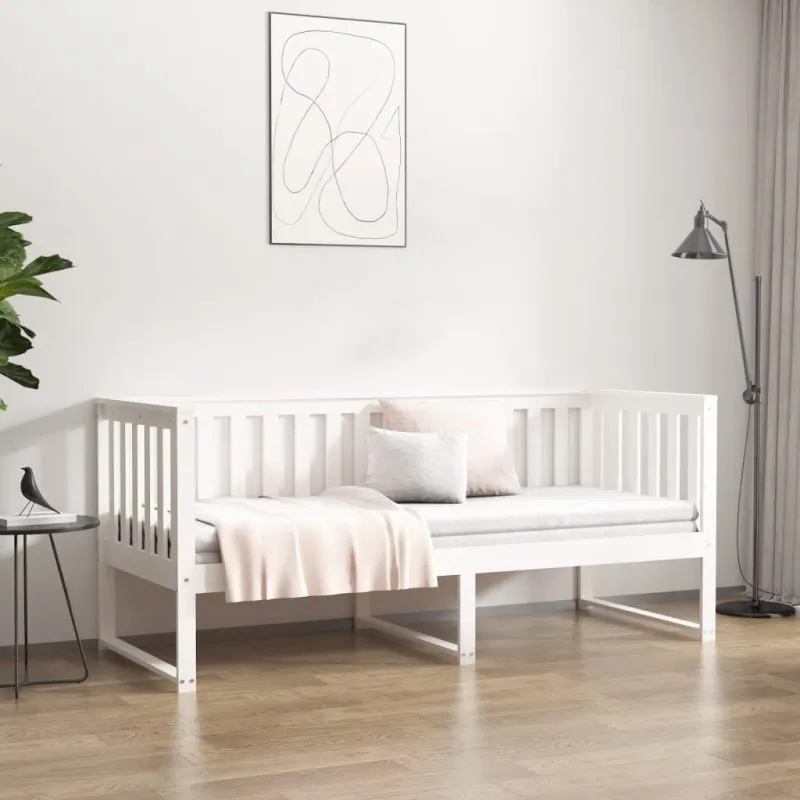 Dieninė lova be čiužinio Balta 75x190 cm medžio masyvo pušis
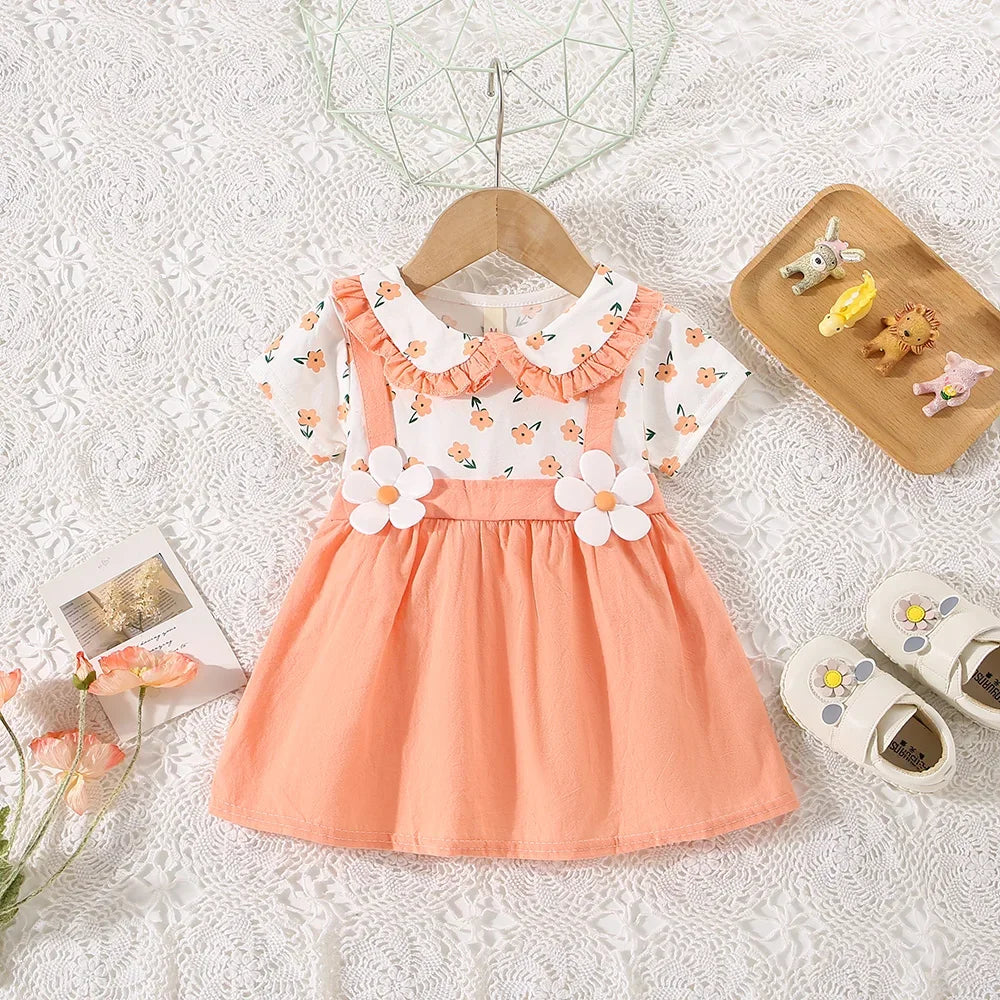 (0-3 Years Old) Summer Baby Girl Cotton Flower Fake Two-Piece Shoulder Strap Dress Girl Cute Short Sleeved Dress - TiniLoom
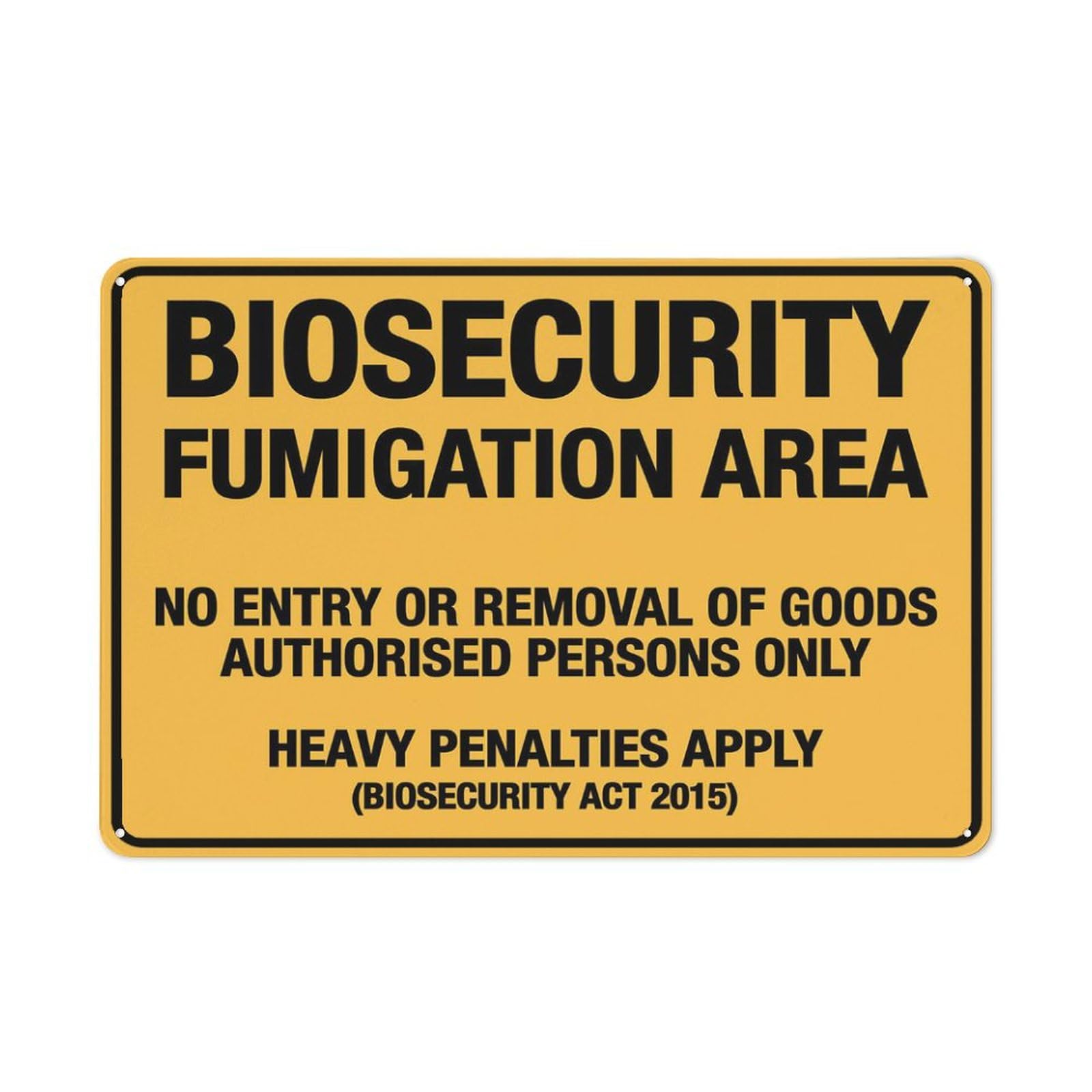 Biosecurity Area Fumigation Area Sign 12”X8” Metal Signs Aluminum Sign Pre-Drilled Holes For Easy Mounting Indoor Or Outdoor Use For Fence Door Or Gate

------------------------------------------------------------

→ Directions
With the images removed, write out all of the material above exactly.

→ Exercise answer
 Dieninė lova be čiužinio Balta 75x190 cm medžio masyvo pušis
 (0-3 Years Old) Summer Baby Girl Cotton Flower Fake Two-Piece Shoulder Strap Dress Girl Cute Short Sleeved Dress - TiniLoom
 Biosecurity Area Fumigation Area Sign 12”X8” Metal Signs Aluminum Sign Pre-Drilled Holes For Easy Mounting Indoor Or Outdoor Use For Fence Door Or Gate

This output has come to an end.